● **What needs to be done**
Pictures aside, can you reproduce the records word for word?
=-=-=-=-=
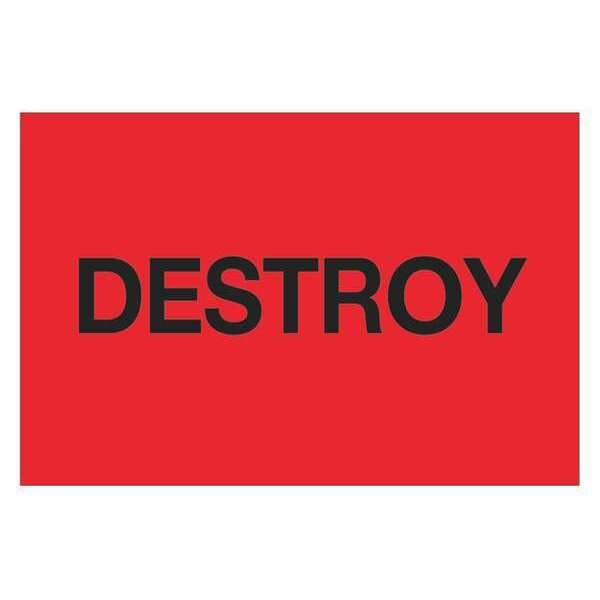 Tape Logic Labels, "Destroy", 2" x 3", Fluorescent Red, 500/Roll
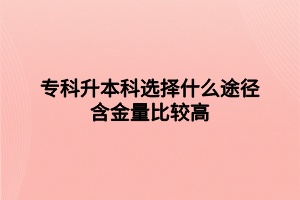 ?？粕究七x擇什么途徑含金量比較高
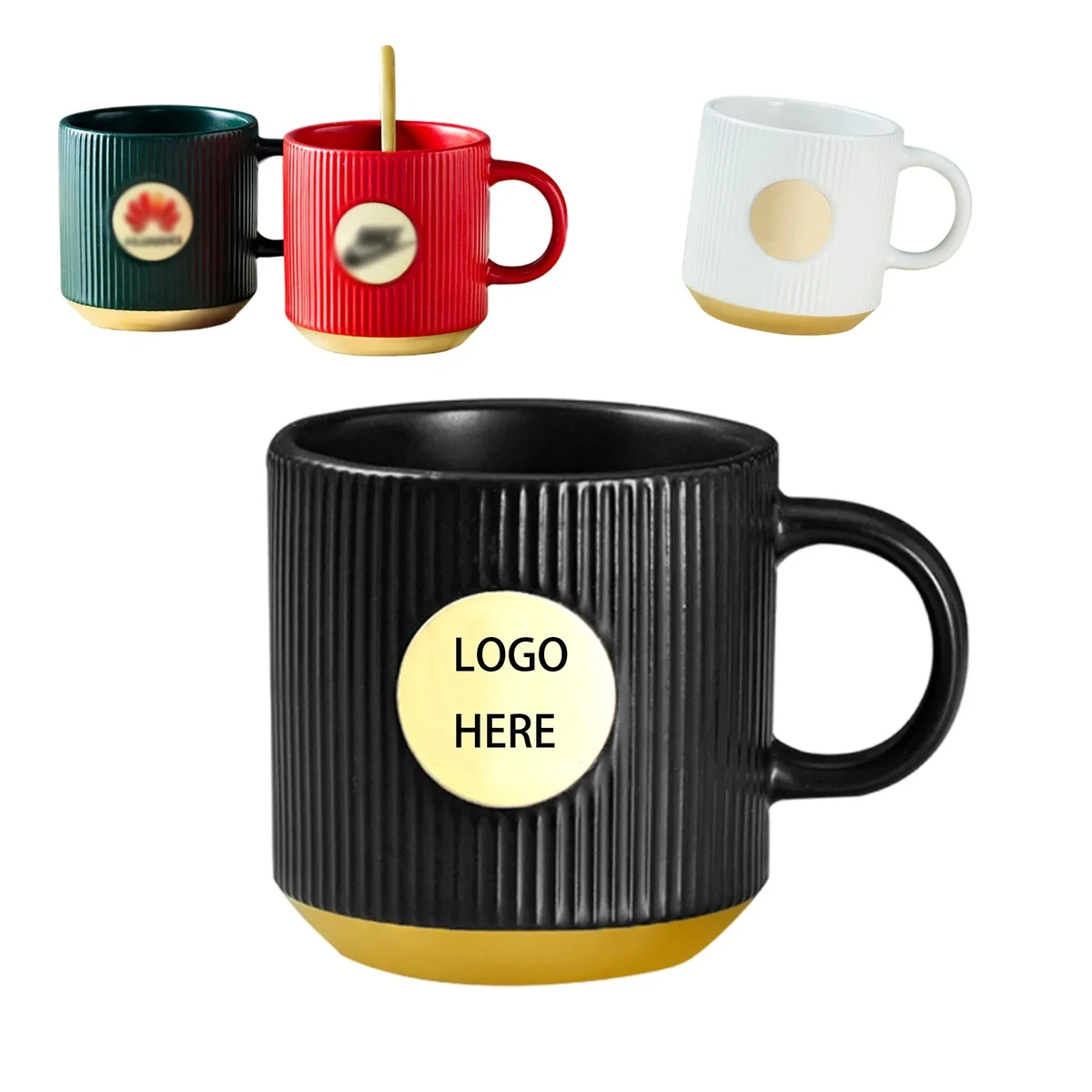 Striped Bronze Creative Ceramic Mug 1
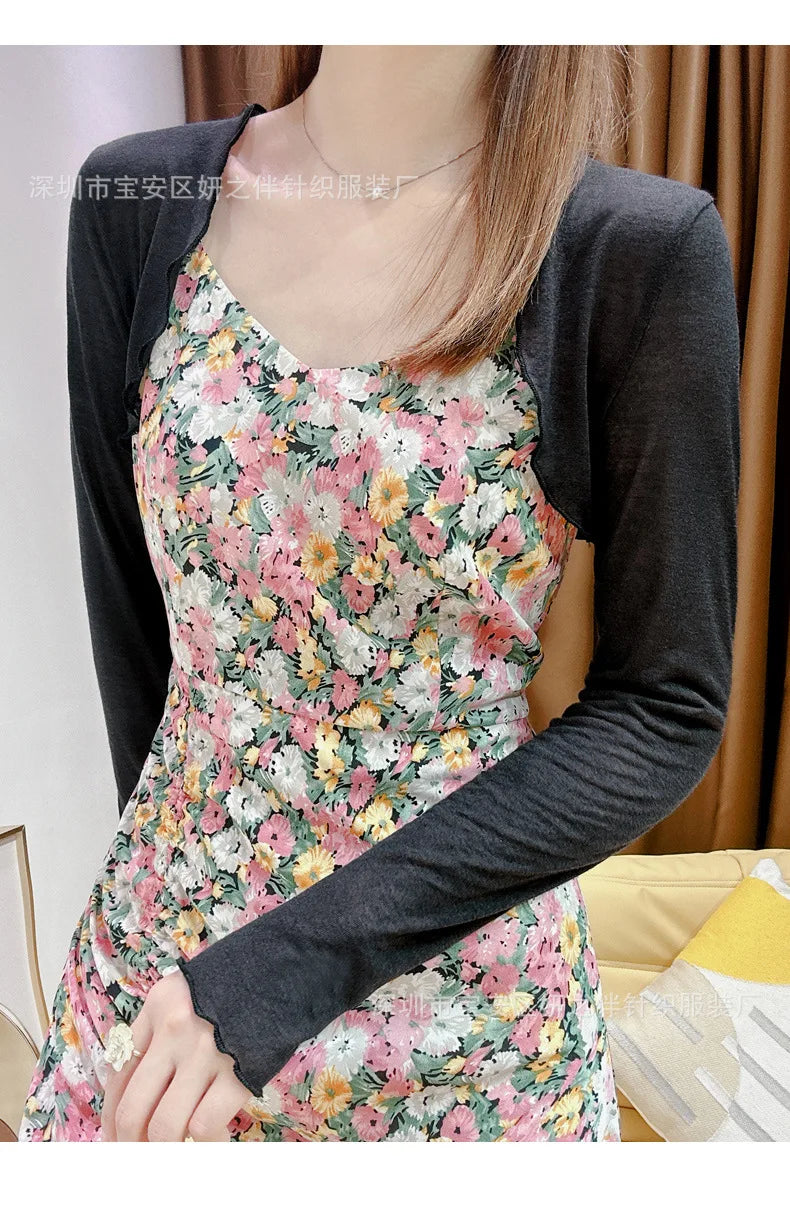 Women's Short Sleeveless Tank Top Outerwear Silk Shawl Cardigan Summer Fashion Ice Silk Cover up French Style Small Cannon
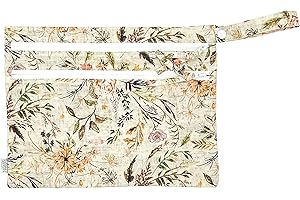 BapronBaby Delilah Floral Wet Dry Bag - Waterproof Two Zipper Pockets - Reusable for Mealtime, Diapers, Stroller, Snacks, Swimsuits - Machine Washable - 11" x 9"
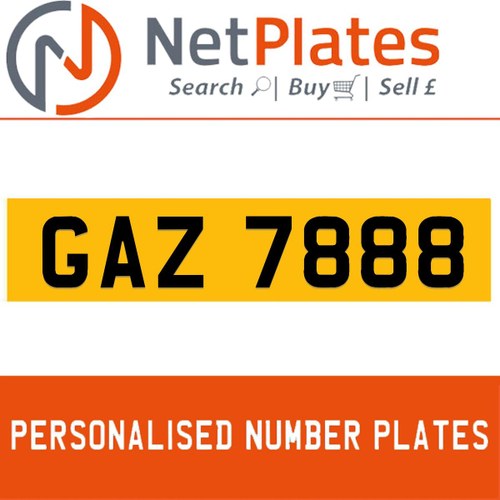 GAZ 7888 PERSONALISED PRIVATE CHERISHED DVLA NUMBER PLATE For Sale
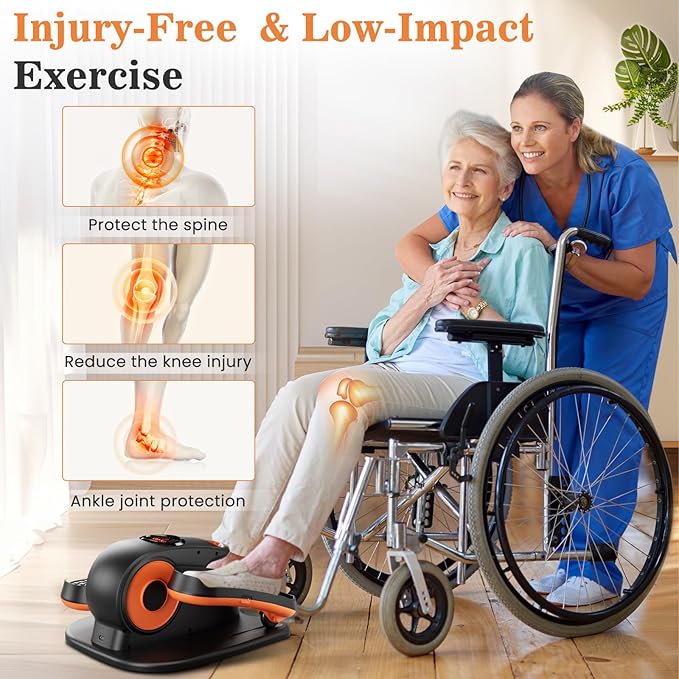 Under Desk Elliptical Machine, Ellipse Exerciser as Seen on TV for Seniors with Remote Control & 12 Adjustable Speeds, Elliptical Machine for Home-Ruum Studio Home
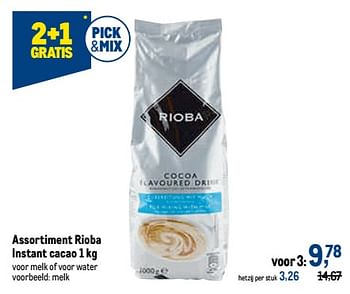 Promoties Rioba instant cacao melk - Rioba - Geldig van 19/10/2022 tot 01/11/2022 bij Makro
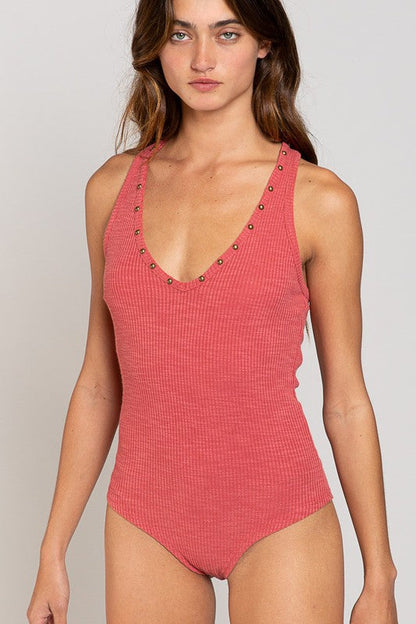 Deep V-neck Stud Bodysuit RASPBERRY ROSE S by POL | Fleurcouture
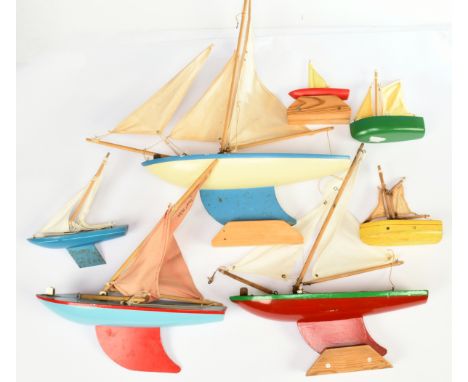 A Group Of 10 Small And larger Scale Wooden Pond Yachts To Include "Northern star" Plus others See-Photo - conditions are Fai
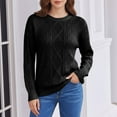 thumbnail image 5 of Women's Cable Knit Sweater Long Sleeve Warm Fall Winter Pullover Crew Neck Trendy Elegant Top, 5 of 9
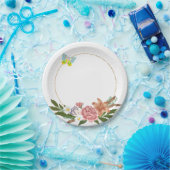 紙プレート、蝶フローラ花 ペーパープレート (パーティー)
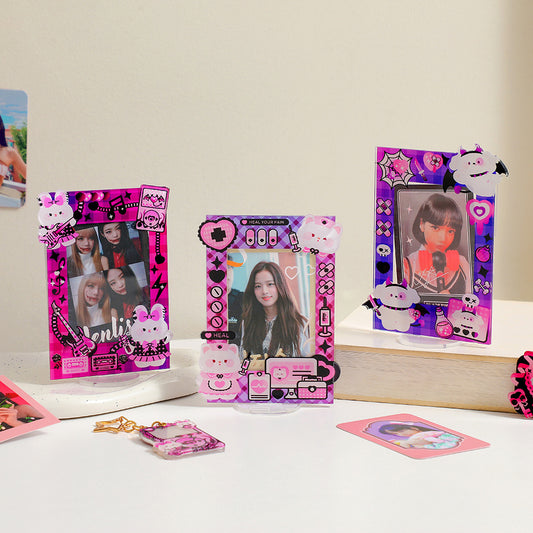Sweet and cool acrylic three-inch desktop table Korean version of girl love bean small card transparent photo frame display standing card woman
=-=-=-=-=
● **Answer for this exercise**
 Tape Logic Labels, "Destroy", 2" x 3", Fluorescent Red, 500/Roll
 ?？粕究七x擇什么途徑含金量比較高
 Striped Bronze Creative Ceramic Mug 1
 Women's Short Sleeveless Tank Top Outerwear Silk Shawl Cardigan Summer Fashion Ice Silk Cover up French Style Small Cannon
 BapronBaby Delilah Floral Wet Dry Bag - Waterproof Two Zipper Pockets - Reusable for Mealtime, Diapers, Stroller, Snacks, Swimsuits - Machine Washable - 11" x 9"
 GAZ 7888 PERSONALISED PRIVATE CHERISHED DVLA NUMBER PLATE For Sale
 Under Desk Elliptical Machine, Ellipse Exerciser as Seen on TV for Seniors with Remote Control & 12 Adjustable Speeds, Elliptical Machine for Home-Ruum Studio Home
 Promoties Rioba instant cacao melk - Rioba - Geldig van 19/10/2022 tot 01/11/2022 bij Makro
 Deep V-neck Stud Bodysuit RASPBERRY ROSE S by POL | Fleurcouture
 A Group Of 10 Small And larger Scale Wooden Pond Yachts To Include "Northern star" Plus others See-Photo - conditions are Fai
 thumbnail image 5 of Women's Cable Knit Sweater Long Sleeve Warm Fall Winter Pullover Crew Neck Trendy Elegant Top, 5 of 9
 紙プレート、蝶フローラ花 ペーパープレート (パーティー)
Sweet and cool acrylic three-inch desktop table Korean version of girl love bean small card transparent photo frame display standing card woman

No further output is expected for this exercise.